**Your objective:** The lines to reproduce run from the first one below to the line containing "SpaceX Crew-12 Packs", both included. Reproduce them exactly and nothing else.
Given information: Begin
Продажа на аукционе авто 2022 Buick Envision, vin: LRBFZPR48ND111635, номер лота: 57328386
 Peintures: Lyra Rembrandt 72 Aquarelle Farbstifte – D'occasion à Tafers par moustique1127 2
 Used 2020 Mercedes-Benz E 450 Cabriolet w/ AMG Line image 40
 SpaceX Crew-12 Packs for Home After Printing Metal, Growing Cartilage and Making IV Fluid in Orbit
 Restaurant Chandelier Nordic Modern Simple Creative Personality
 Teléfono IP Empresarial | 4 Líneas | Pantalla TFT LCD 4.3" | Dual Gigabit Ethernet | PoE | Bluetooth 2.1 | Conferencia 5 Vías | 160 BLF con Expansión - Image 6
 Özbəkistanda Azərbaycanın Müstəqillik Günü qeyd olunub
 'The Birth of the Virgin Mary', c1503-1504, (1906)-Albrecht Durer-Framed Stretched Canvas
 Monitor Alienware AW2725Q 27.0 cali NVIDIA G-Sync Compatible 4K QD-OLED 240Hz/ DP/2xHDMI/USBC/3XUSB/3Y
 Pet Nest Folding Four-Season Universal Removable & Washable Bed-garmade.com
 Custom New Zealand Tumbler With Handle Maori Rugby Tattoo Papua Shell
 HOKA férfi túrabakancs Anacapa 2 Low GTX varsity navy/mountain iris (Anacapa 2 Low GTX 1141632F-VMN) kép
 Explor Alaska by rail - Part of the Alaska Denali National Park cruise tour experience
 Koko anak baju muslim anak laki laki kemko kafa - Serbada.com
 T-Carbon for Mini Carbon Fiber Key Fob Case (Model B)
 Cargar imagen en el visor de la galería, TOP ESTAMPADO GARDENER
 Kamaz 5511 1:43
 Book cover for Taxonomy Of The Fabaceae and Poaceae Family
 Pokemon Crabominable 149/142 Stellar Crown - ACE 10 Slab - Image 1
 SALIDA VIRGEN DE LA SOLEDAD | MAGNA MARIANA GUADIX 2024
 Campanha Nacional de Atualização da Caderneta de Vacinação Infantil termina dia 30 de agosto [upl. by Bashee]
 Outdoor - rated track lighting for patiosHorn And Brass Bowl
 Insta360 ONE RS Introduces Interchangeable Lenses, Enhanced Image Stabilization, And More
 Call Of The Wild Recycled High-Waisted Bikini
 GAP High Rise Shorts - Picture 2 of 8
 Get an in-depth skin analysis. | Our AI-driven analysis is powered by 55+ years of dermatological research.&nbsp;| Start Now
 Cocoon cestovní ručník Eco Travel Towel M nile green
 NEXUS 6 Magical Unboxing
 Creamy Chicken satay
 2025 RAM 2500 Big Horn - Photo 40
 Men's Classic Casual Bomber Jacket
Given information: End
**Output for this task:**
Продажа на аукционе авто 2022 Buick Envision, vin: LRBFZPR48ND111635, номер лота: 57328386
 Peintures: Lyra Rembrandt 72 Aquarelle Farbstifte – D'occasion à Tafers par moustique1127 2
 Used 2020 Mercedes-Benz E 450 Cabriolet w/ AMG Line image 40
 SpaceX Crew-12 Packs for Home After Printing Metal, Growing Cartilage and Making IV Fluid in Orbit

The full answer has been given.